I am the assigned Gen-ART reviewer for this draft. The General Area
Review Team (Gen-ART) reviews all IETF documents being processed
by the IESG for the IETF Chair.  Please treat these comments just
like any other last call comments.

For more information, please see the FAQ at

<https://trac.ietf.org/trac/gen/wiki/GenArtfaq>.

Document: draft-ietf-v6ops-slaac-renum-03
Reviewer: Dale R. Worley
Review Date:
IETF LC End Date: 2020-09-09
IESG Telechat date: [not set]

Summary:

    This draft is basically ready for publication, but has nits that
    should be fixed before publication.

Overall, the draft is fine, but there are various places where the
wording could be amplified or improved to make matters clearer to the
less-well-prepared reader (like me).

Minor issues:

There is one technical aspect that doesn't seem to be addressed
explicitly:  Given that a router should never advertise a prefix via
SLAAC that extends beyond the lease time it has received via DHCP,
even if the router is restarted and it receives a new prefix via DHCP,
the old prefix remains delegated to the network for the remainder of
its lease time, and in a way, it remains *valid* for the hosts to use
addresses derived from the old prefix for the remainder of the
lifetime they received from SLAAC.  The existence of this document
shows that such usage does not work well, but perhaps there is some
place early in the discussion where it can be made clear that validity
is not sufficient in practice.

Nits/editorial comments:

1.  Introduction

      [...] but will normally retain and actively employ the addresses
      configured for the previously-advertised prefix, since their
      associated Preferred Lifetime and Valid Lifetime allow them to do
      so.

Naively, it seems like the new prefix will almost always have longer
lifetime values than the old prefix, and given that this seems to be
how orderly renumbering causes hosts to transition from using the old
prefix to the new prefix, it's not clear how hosts "will normally
... actively employ the addresses configured for the
previously-advertised prefix".  Naively, hosts only seem to be
permitted to employ the old prefix, but the preferred behavior would
be to use the new prefix whenever possible.

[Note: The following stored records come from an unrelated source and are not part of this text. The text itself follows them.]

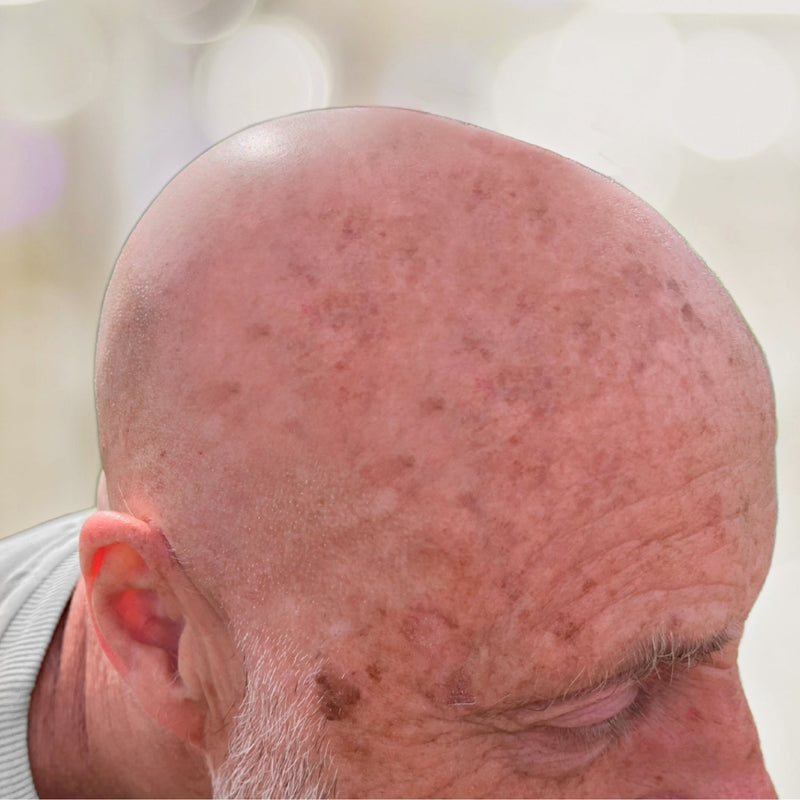 Pigment- und Altersflecken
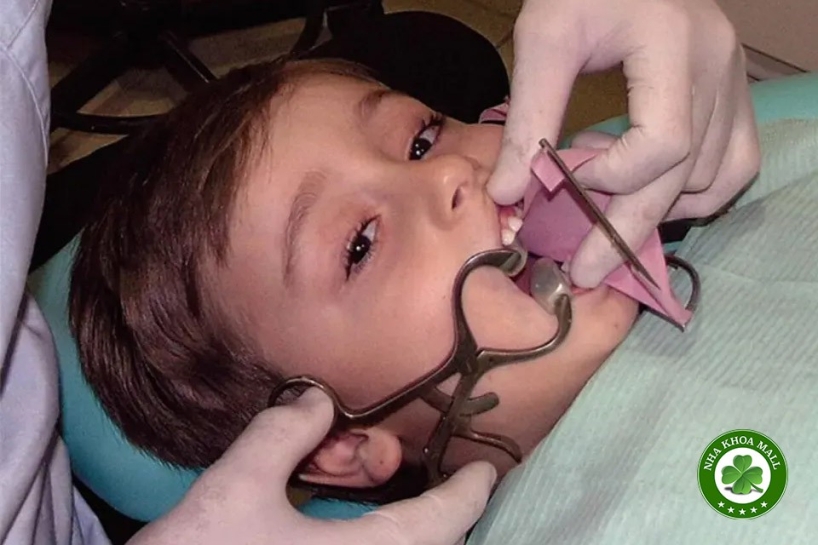 Banh miệng bắt buộc cho trẻ em: Dụng cụ không thể thiếu trong nha khoa nhi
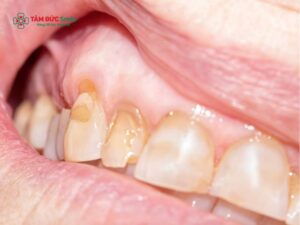 Hỏng men răng là gì? Dấu hiệu mòn men răng và cách phục hồi hiệu quả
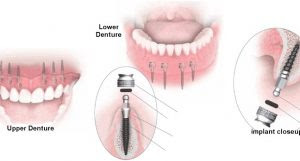 Cấy ghép răng Implant có gây hại cho cơ thể không?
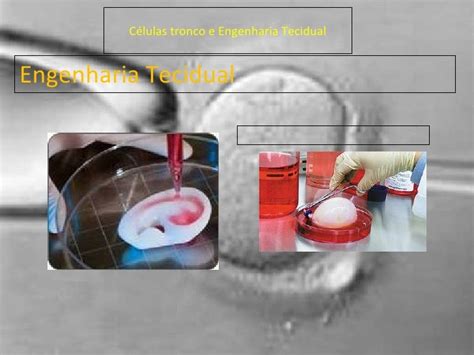  Resorbable Polymers: Os Campeões da Engenharia Tecidual Transformadora?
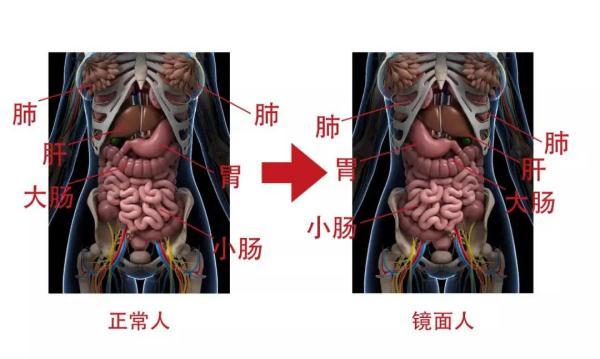 南宁一女子五脏六腑全部反着长，医生：罕见的先天性畸形，发病率约为百万分之一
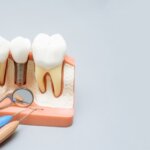 dental implants near macon ga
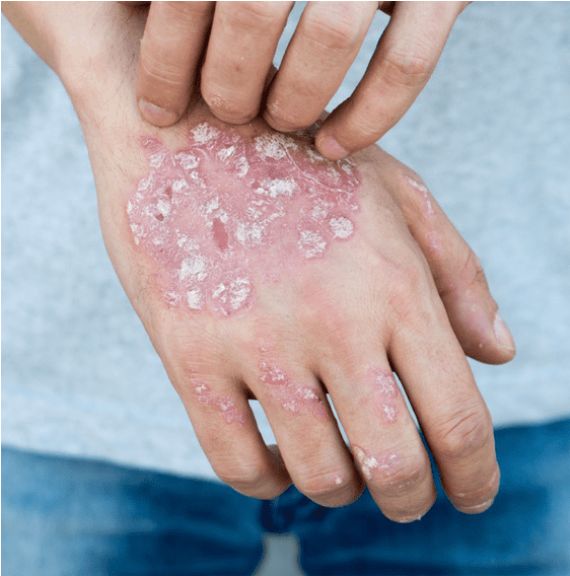 Skin Diseases Treatment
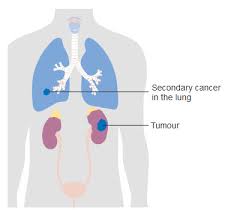 Kidney Cancer Symptoms Diagnosis Treatment Urology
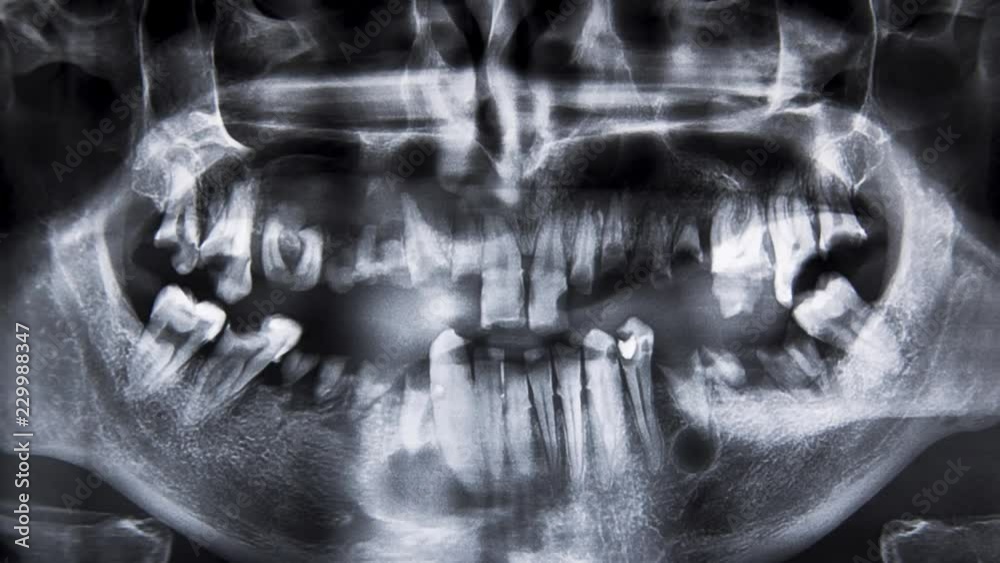 Dental x-ray with bad teeth
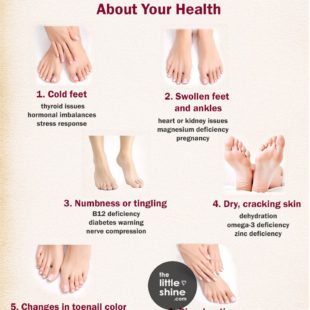 What Your Feet Say About Your Health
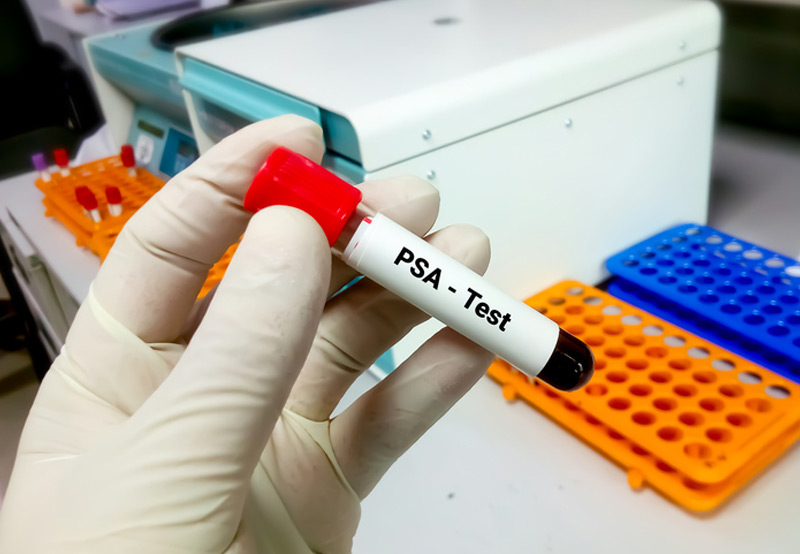 BPH (Enlarged Prostate)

   o  During the planned network renumbering, a router may be configured
      to send an RA with the Preferred Lifetime for the "old" Prefix
      Information Option (PIO) set to zero and the new PIO having non-
      zero Preferred Lifetime.

This sentence reminds me:  There are a number of places where PIO is
mentioned.  My understanding from here is that PIO is only used in RA,
so for simplicity/clarity, mentions of PIO should always include that
they are within RAs, so that the reader remember that all prefix
announcements are either RAs or SLAAC.  Conversely, if PIOs are used
both by SLAAC and RAs, that should be emphasized early on, so the
reader knows that later mentions of PIOs apply to both protocols
equally.  Then again, perhaps RAs are messages within SLAAC, in which
case that should be made clear.  In any case, the document should
state the relationship between SLAAC, RA, and PIO.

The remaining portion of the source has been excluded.